According to the Central Bank, the economy is expected to see 6.8% GDP growth in 2018, falling to 4.8% in 2019 and 4% in 2020. Aside from these, the Central Bank also has said its projections for the government balance were also looking better than first expected, with the debt-to-GDP ratio falling to 44.6% by 2020. Domestic demand is expected to replace net exports as the main driver of economic growth. The government budget is also forecast to remain in surplus and Malta’s debt-to-GDP should fall below 50% for the first time in more than 20 years.
Citizenship by Investment
Introduced at the beginning of 2014, the Malta Individual Investor Programme (IIP) offers high and ultra-high-net-worth individuals worldwide citizenship in a highly respected EU member state. Gaining citizenship in Malta via investment is a simple, quick process which can allow the entire family to immigrate with ease. Citizenship is typically approved after just four months processing time. Family eligibility extends to parents of the applicant and spouse, minor children and unmarried adult children under 27. Descendants gain citizenship automatically.

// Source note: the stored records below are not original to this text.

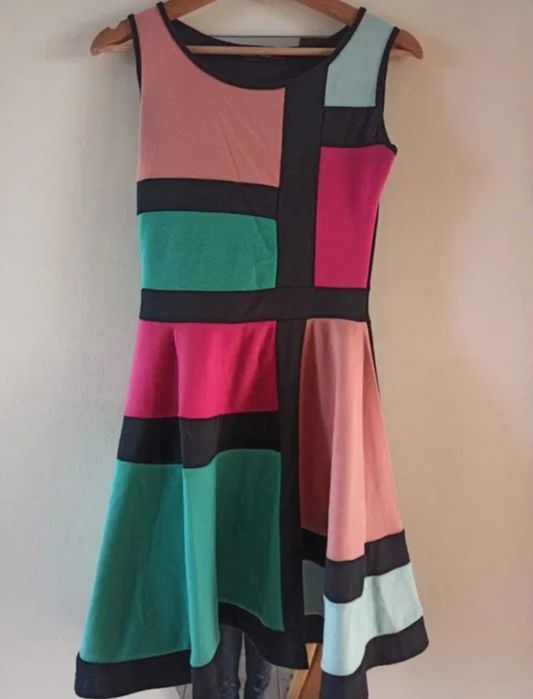 Elegancka, kolorowa sukienka w prostokąty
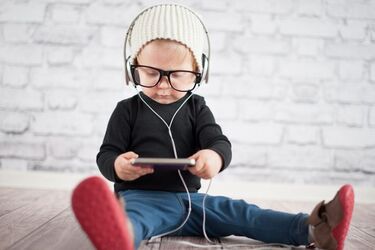 Поколение Альфа – рожденные после 2010 года: тонкости воспитания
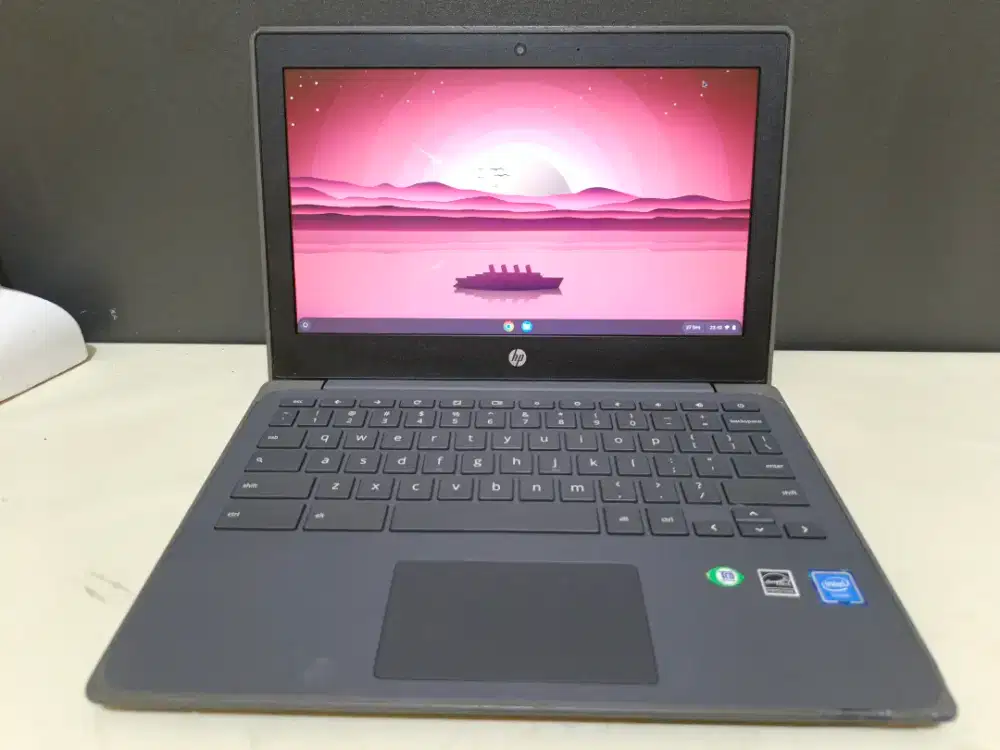Laptop Hp Chromebook 11 G8 Ram 4Gb Model Slim Ada Playstore No Minus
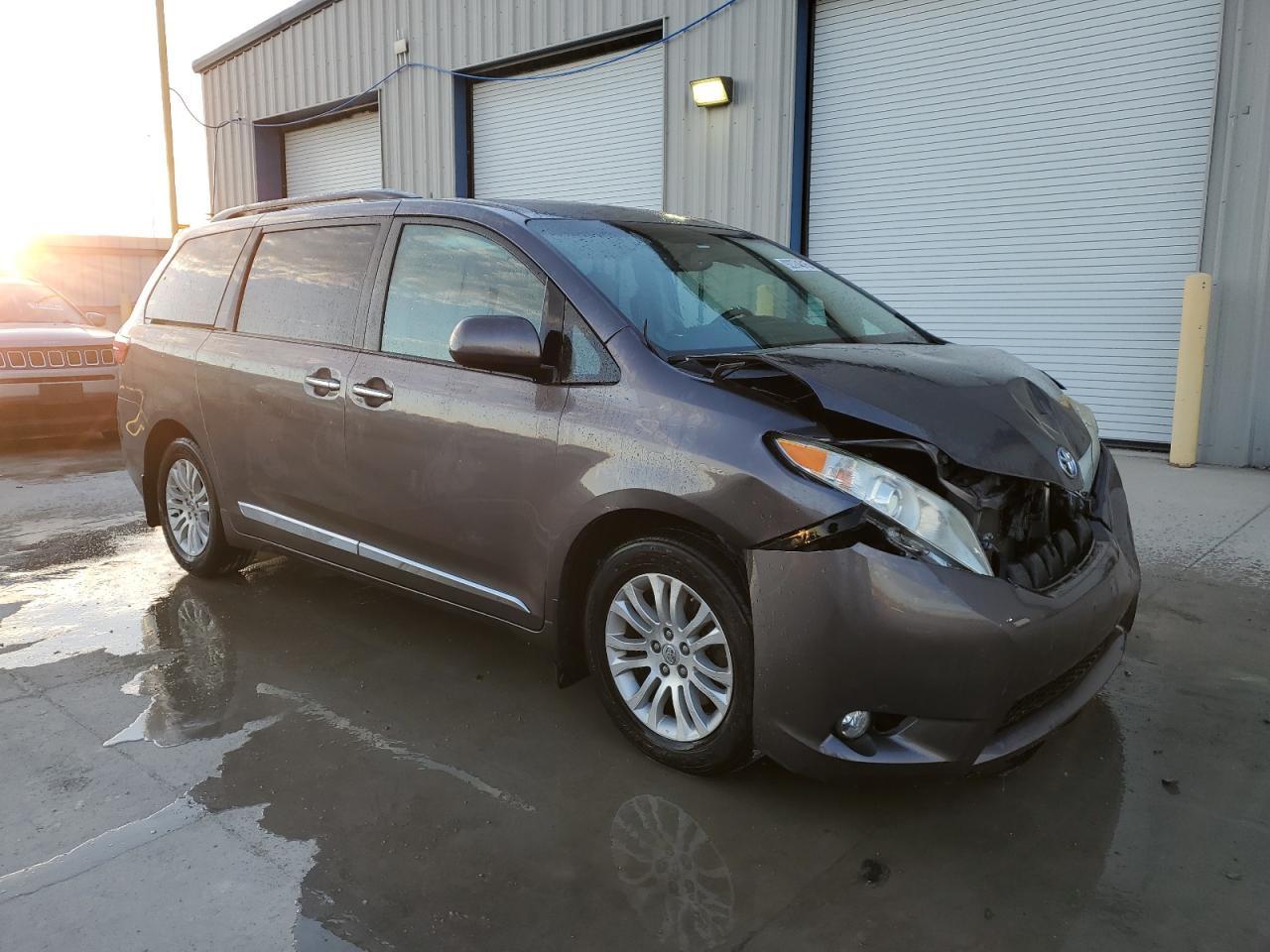 2016 TOYOTA SIENNA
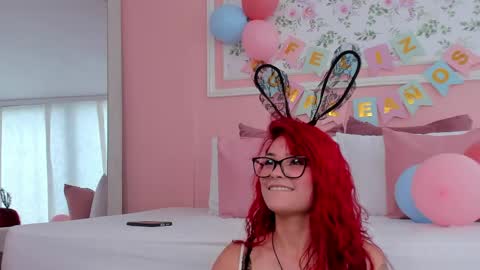 Snapshot of mae_lyra chatting on June 2026 06:03:02 PM Mae Lyra online show from June 2026 06:03:02 PM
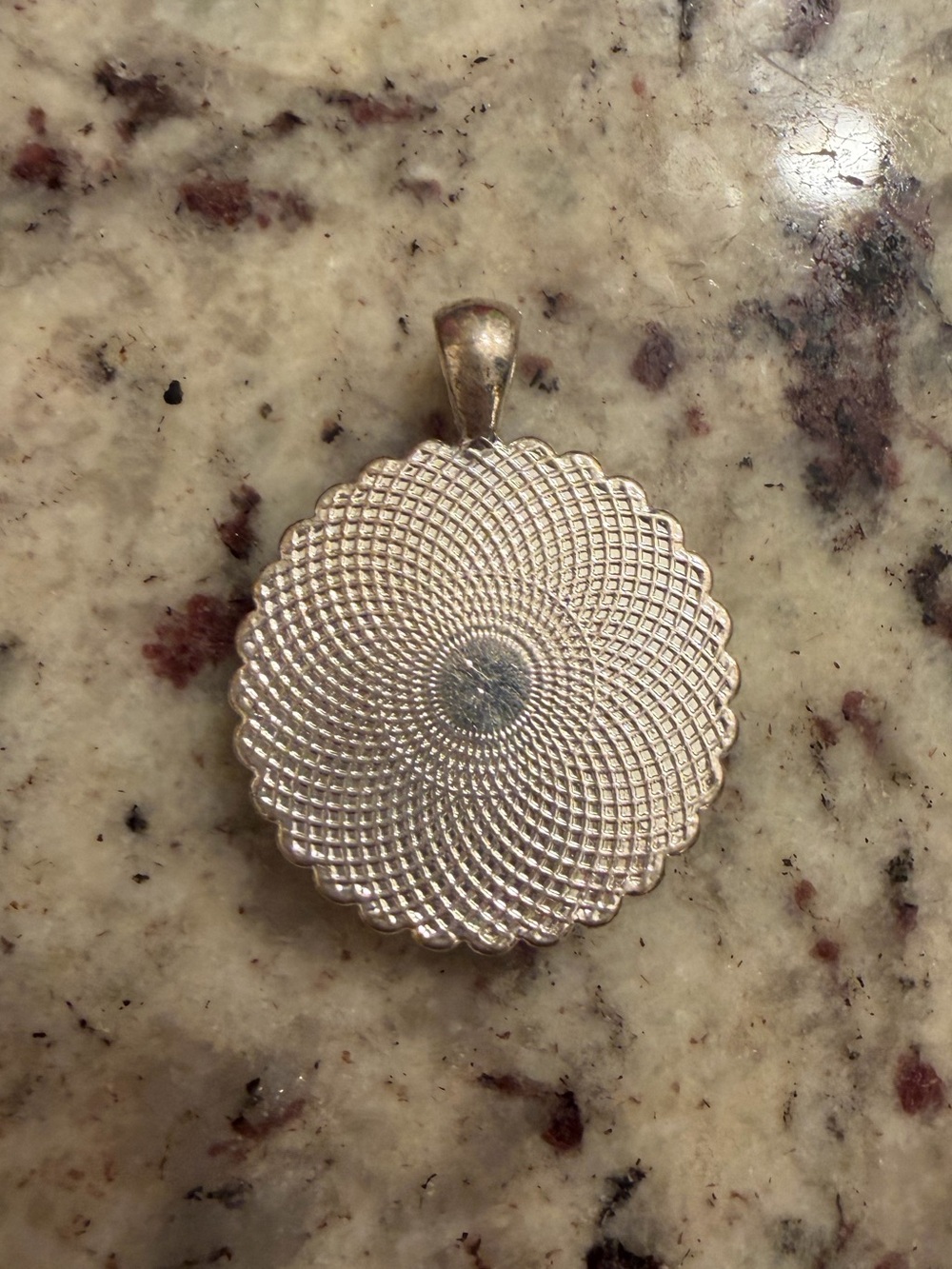Louis Vuitton Pendant - Picture 2 of 2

To be eligible for citizenship by investment, applicants must:
- Be over 18
- Be in good health
- Have a clean criminal record
- The main applicant is required to contribute €650,00 to Malta, plus €50,000 for every adult family member and €25,000 for under 18
- Spouses and children are required to contribute €25,000 each
- Unmarried children between 18 an 25 and dependant parents are required to contribute €50,000 each (these contributions can be made after application approval)
- Applicants are required to invest at least €350,000 in property or enter a rental property agreement for a at least €16,000 p.a. both on five year contracts
- Applicants are required to invest €150,000 in bonds or shares. The investments must be in stock sanctioned by the Maltese government
- Applications can be supported by a genuine link to Malta through residence
Things to consider
Citizenship by investment entitles the holder to visa free travel to more than 166 countries and gives the right to live, work and study in any country in the European Union.
The Maltese tax system is based on domicile and residence, rather than citizenship. Tax is only due on income and capital gains arising in Malta. After a period of five years property can be sold in Malta completely tax free, so long as it was the resident’s sole residence for at least three years. If selling the property before three years of residence a tax of 12% is charged on the selling price. In addition, there are no inheritance or death taxes, no net worth or wealth taxes, no municipal taxes, rates or real estate taxes and no estate duty. With tax benefits such as these, a stable economic climate and banks ranked as some of the most stable in the world, investment in Malta is a sound way to gain citizenship.